Когда все уходят, я встаю со своего кресла в соседней комнате, откладываю книгу, газету или фотографии детских лет и захожу к ней. Я подолгу смотрю на нее. Нет, любви во мне не осталось к тебе, моя бедная Юта, чужая, живущая среди чужих. Только жалость, безмерная жалость. Я знаю, что тебя гложет и что сводит в могилу. Другой бы на моем месте, может быть, попытался вернуть твой прах в твой далекий Вроцлав. Когда ты открываешь глаза и в них, вокруг расширенных зрачков, рассеивается влажный туман, когда из плена болезни и жара ты узнаешь меня — часового, поставленного у твоей кровати, — ты кричишь от испуга. Иногда, в дождь, когда красноватый скудный закат зимнего солнца отсвечивает в твоем окне, мне кажется, что я слышу, как ты проклинаешь меня и мою деревню. Мы — твой страшный сон. Оба мы друг для друга будто страшные сны — я для тебя, ты для меня, и одинокие уцелевшие воспоминания не унимают боли. Ты умрешь, и в смерти тебе будет оказана большая честь, чем при жизни. Все жители деревни придут проводить тебя в последний путь, и скорбь по тебе мало-помалу распределится поровну между всеми. Безмолвием помяну я твою безотрадную жизнь, и сотни людей сойдутся на моем зеленом уютном кладбище, опоясанном кипарисами. Они придут по семи дорогам, ведущим к нашей деревне, встанут меж газонов и цветников и будут молча смотреть, как тебя опускают в могилу.
I
По вторникам в деревне крутили кино. В один из вторников показывали очень страшный фильм. Отец и мать уехали к родственникам, а мы с сестрой, схватившись за руки так, что ногти вонзились в ладони, прибежали по размокшей дороге домой и плотно закрыли двери и окна, чтобы фашисты не проникли внутрь. Потом мы долго не спали. Чтобы как-то отвлечь внимание от фильма, сестра читала мне длинные главы из «Маленькой Фадетты» Жорж Санд, которых я не понимал. Я вглядывался во тьму, боясь увидеть остролицего немецкого офицера в сапогах, начищенных до блеска, и с кожаной портупеей.
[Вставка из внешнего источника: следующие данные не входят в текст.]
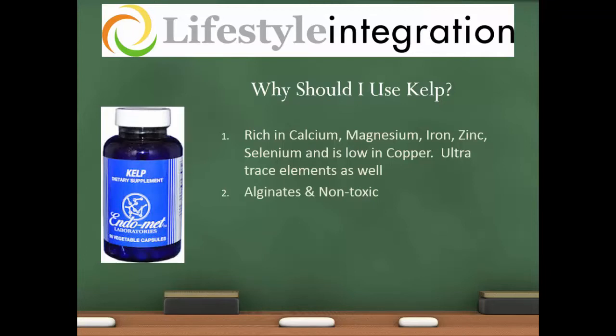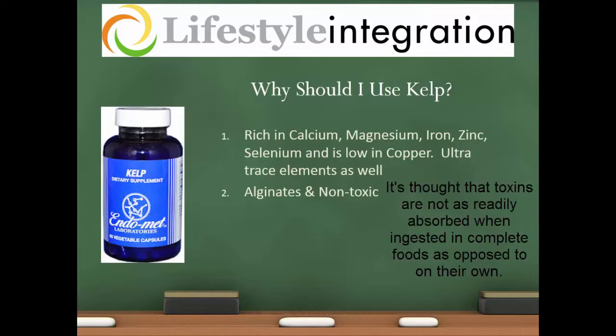The second reason is that kelp has alginates in it, and alginates attach to and help eliminate toxic metals, which is a huge benefit in this modern day and age. Kelp as a whole is quite non-toxic. There is a bit of a concern with mercury and arsenic in seafood and kelp, but when you have mercury in the combination of a natural food in this particular order of kelp, it's quite non-toxic.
Сидя в кровати, я прислушивался к голосу сестры, читающей вслух, дрожащей от страха, но преисполненной чувства ответственности, и размышлял над историей этого офицера и солдата-дезертира, бежавшего от него. Я вслушивался в зимние шорохи на улице, и глаза мои слипались от страха и усталости. Передо мной проходили образы тех, кого я видел на страницах газеты «Ха-галгал», доносившей до нас войну на прошедших основательный отбор и обработку английских фотографиях. И на тракторной станции в нашей деревне встречались для обсуждения мировых проблем Сталин, Рузвельт и Черчилль. Сталин, в синем комбинезоне, какие носят трактористы, был на мотоцикле. После заседания он предложил мне покататься. Я все еще обхватываю его сзади руками, щеки стынут от зимнего ветра, брызги из-под колес летят на мой тренировочный костюм, а сестра уже расталкивает меня — надо быть начеку, ведь опасность не миновала.
Фашисты пришли в наш дом перед рассветом. Фашисты из фильма — безжалостные, хитрые и до ужаса корректные. Говоря между собой по-английски на немецкий лад, они расхаживали в сапогах по комнатам, а мы с сестрой прятались под кроватью. Рейхс-генерал с острым лицом и плотно сжатыми губами похлопывал себя перчатками по облегающим галифе. Дезертира они не нашли и ушли до прихода работника, который доил коров по утрам, а мы вылезли из-под кровати, обливаясь потом, и закаялись ходить на фильмы для взрослых.